Exercise description
Could you repeat the listing exactly, leaving out the pictures?

Data extract
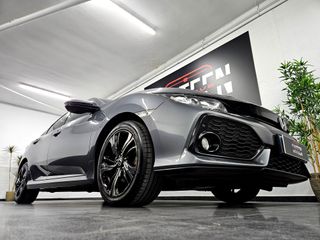 HONDA Civic 1.0 IVTEC TURBO ELEGANCE NAV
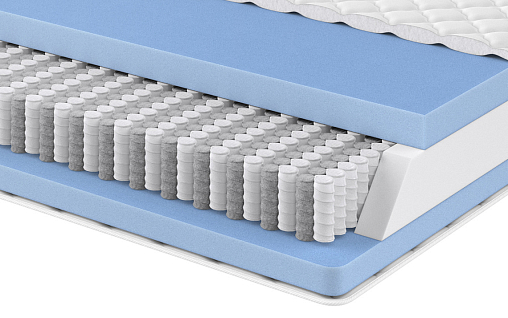 Матрас «Гельвеций»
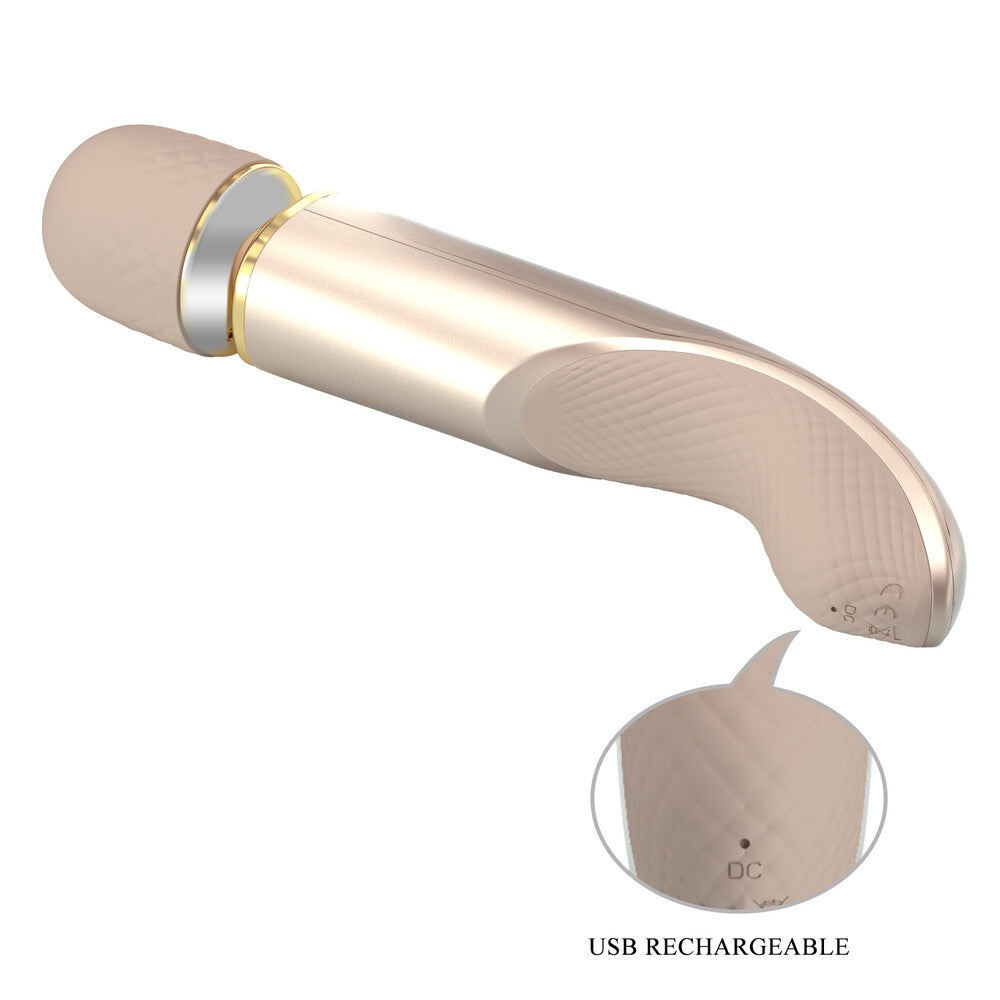 Magic Wand Luxury - immagine 20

Task answer
 HONDA Civic 1.0 IVTEC TURBO ELEGANCE NAV
 Матрас «Гельвеций»
 Magic Wand Luxury - immagine 20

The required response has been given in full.